Financiële ondersteuning van offshore windmolenparken
Bij de onderhandelingen over de financiële ondersteuning van de productie en aansluiting van de parken in de oostelijke zone bevond de federale overheid zich in een moeilijke positie. Zij had de domeinconcessies al toegekend en ze stond onder druk om haar deel van de 2020doelstelling inzake hernieuwbare energie te realiseren.

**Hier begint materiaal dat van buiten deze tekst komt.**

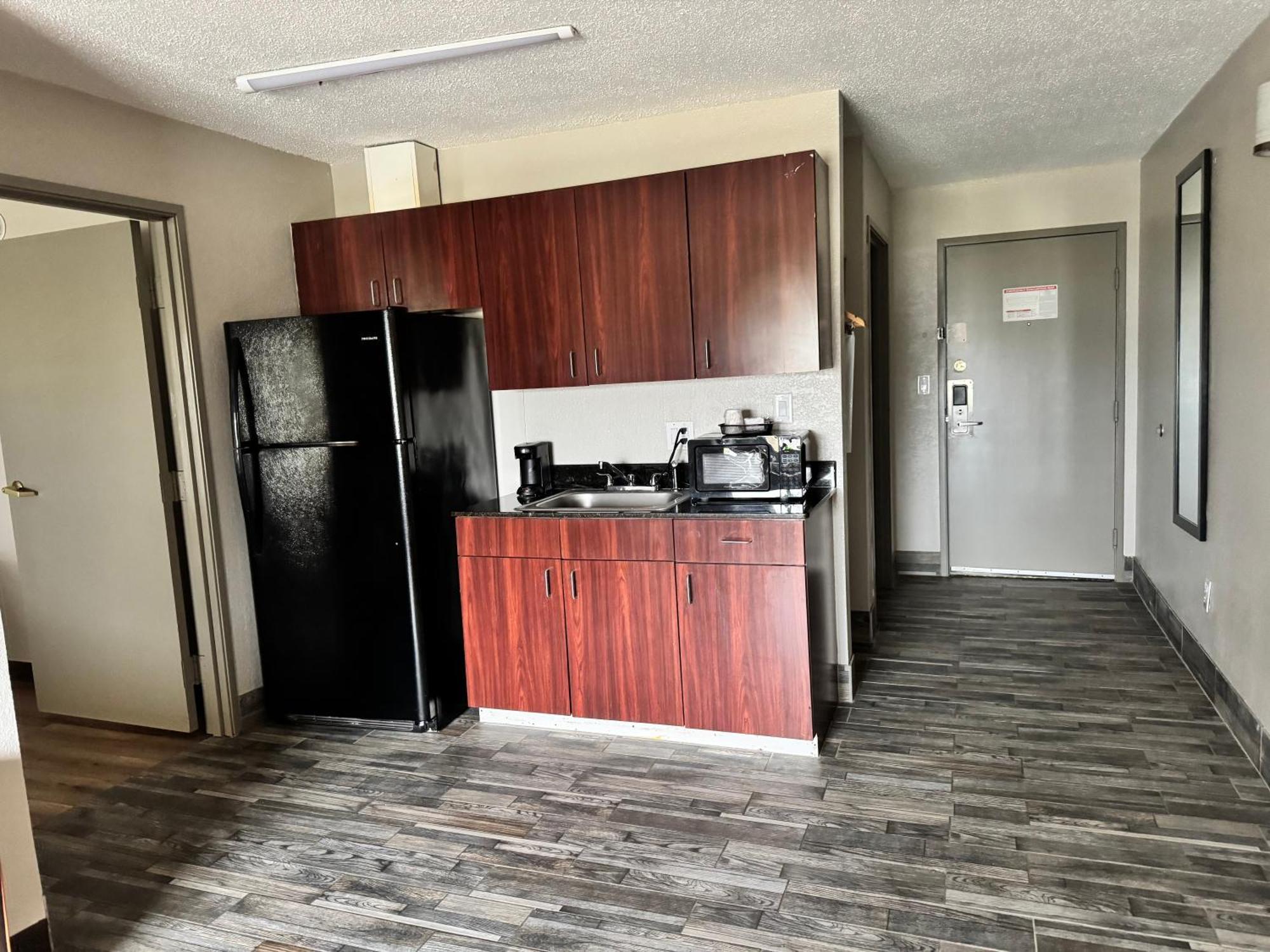 Days By Wyndham Mauldin/greenville Greenville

De nettoproductie van de parken werd aanvankelijk gesubsidieerd via een vast steunbedrag. Vanaf mei 2014 werd onder Europese impuls overgestapt naar een variabele ondersteuning van de nettoproductie. Daarbij daalt het steunbedrag naarmate de marktprijs van elektriciteit stijgt. Het steunbedrag per MWh daalde weliswaar mettertijd, maar het is niet duidelijk in welke mate deze steun werd beperkt tot het minimum dat nodig is om het project te realiseren. De CREG kon haar wettelijke rol als onafhankelijk adviesorgaan bij het bepalen van de steun niet ten volle spelen. Ook het steunmechanisme voor de aansluiting op het transmissienet werd na verloop van tijd bijgestuurd. De aansluitingssteun werd zo voordeliger, wat ertoe leidde dat het gelijke speelveld tussen de parken onvoldoende werd bewaakt.

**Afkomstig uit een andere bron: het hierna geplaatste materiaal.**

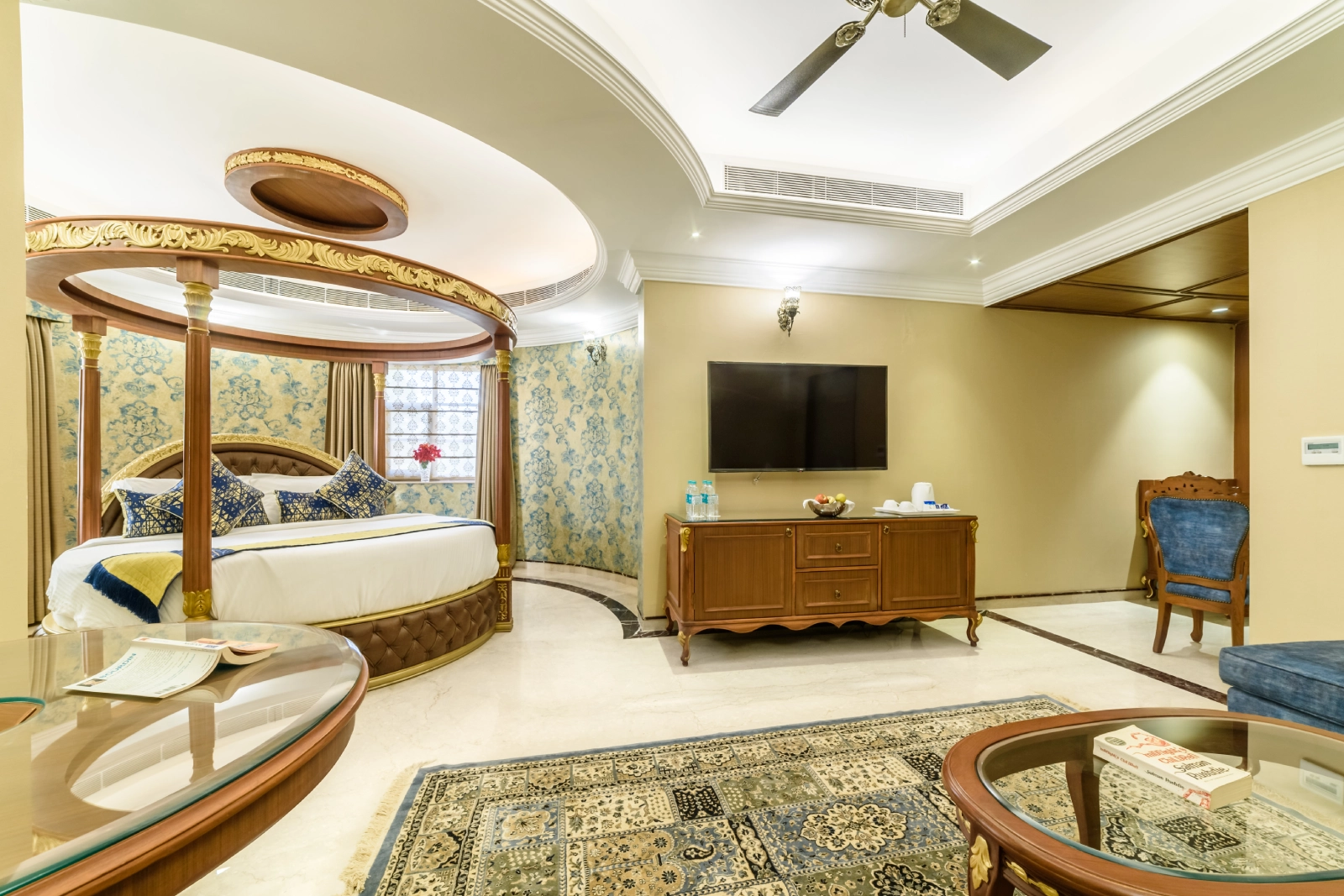 Round Bed Room 4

Tot eind 2021 ontvingen de parken 3,41 miljard euro aan rechtstreekse productiesteun en 208,98 miljoen euro aan aansluitingssteun. Bij het einde van de domeinconcessies zal de verleende steun een veelvoud daarvan bedragen. Tot eind 2021 werd de productiesteun verhaald op de eindgebruikers, die een zgn. offshore toeslag betaalden voor elke kWh elektriciteit die ze van het net afnamen. Onder druk van Europa werd deze toeslag vervangen door een bijzonder accijnsrecht. Dit creëert een nieuw risico voor de overheidsfinanciën omdat de inkomsten uit deze accijnzen mogelijk niet voldoende zijn. Voor de Prinses Elisabethzone zullen de steunbedragen via een tenderprocedure op basis van concurrentie worden vastgelegd.
Overwinsten
De parken in de oostelijke zone realiseerden tot eind 2021 samen 710,33 miljoen euro winst. Daarvan stroomde 642,93 miljoen euro al terug naar de parkaandeelhouders in de vorm van dividenden en kapitaalverminderingen. De rendementen die de aandeelhouders jaarlijks realiseren schommelen echter sterk, afhankelijk van de hoeveelheid wind op zee. Als alleen rekening wordt gehouden met de overwinst, dit is de winst die overblijft na een normale vergoeding van de aandeelhouders voor het kapitaal dat zij investeerden, dan stelt het Rekenhof vast dat er belangrijke verschillen bestaan tussen de parken, waarbij enkele parken al overwinsten realiseerden. Hoewel die cijfers met enige voorzichtigheid moeten worden geïnterpreteerd, illustreren ze wel het belang van een nauwgezette opvolging door de CREG. De regulator moet de inkomsten en uitgaven van de windmolenparken op zee opvolgen om na te gaan of bepaalde overwinsten structureel dan wel tijdelijk zijn.
Het Rekenhof formuleerde in zijn verslag een aantal aanbevelingen over de verdere opvolging van de parken in de oostelijke zone, de ontwikkeling van de Prinses Elisabethzone en de hieraan gekoppelde cruciale randvoorwaarden zoals de realisaties in het onshore en offshore elektriciteitsnet, en ten slotte ook over de advies- en toezichtsrol van de CREG.